Like most human beings I know, intimidating tasks are sometimes hard for me to start. This is especially true when said "intimidating task" is a hobby-related task, like this blog. You know, it's a project that I should do because it'll be great once it is done, but I don't really have to do it. Anyway, that's how I felt when I realized that Adam and I took over 200 pictures when we hiked the Grand Canyon back in February (yes, I realize it is August). So, it has seemed like quite the undertaking to cut that down to a reasonable number of photos to post here without going overboard.
Well, here goes nothin....
On Sunday, February 16, 2014 (the day after we hiked Juniper Peak), we drove down to Flagstaff, Arizona. We did a little sight-seeing at Wupatki National Monument, where we walked around 800 year old Pueblo Ruins, but our main objective was to hike as much as the Grand Canyon as we could on President's Day (Monday, February 17, 2014).

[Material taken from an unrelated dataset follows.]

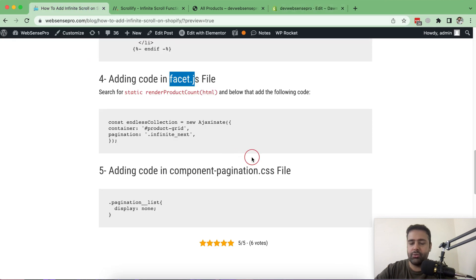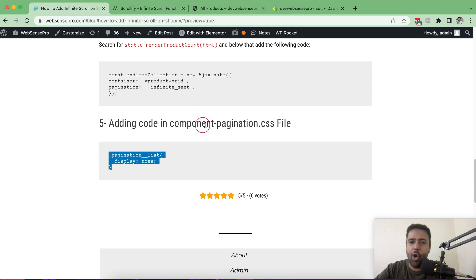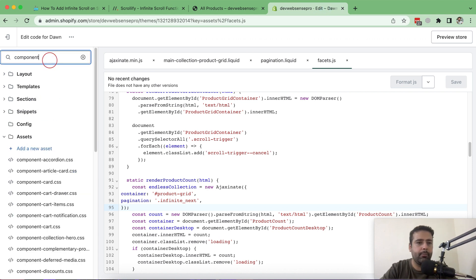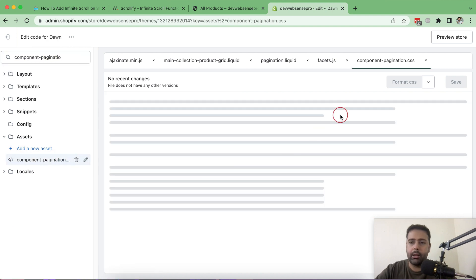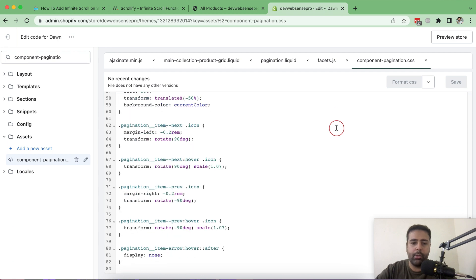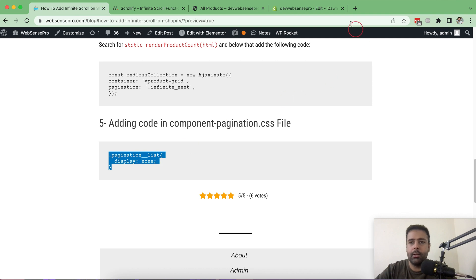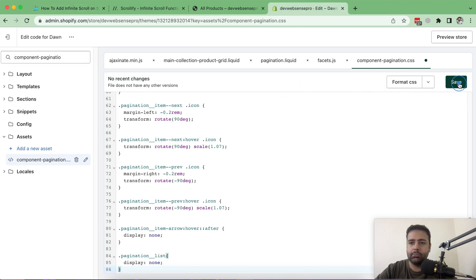The final step is to add the CSS code in the component-pagination.css file. Search for component-pagination.css, scroll down to the bottom of the file, copy the CSS code from the tutorial, paste it into the file, and save.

Wupatki Pueblo @ Wupatki National Monument |
It was a little chillier than my Las Vegas acclimated body was used to |
I previously hiked a few miles of the South Kaibab Trail and I vowed that I would NEVER again hike up the South Kaibab Trail. Saying that the first/last mile of the trail is steep is a bit of an understatement. With that in mind, we decided we'd stick to the Bright Angel Trail.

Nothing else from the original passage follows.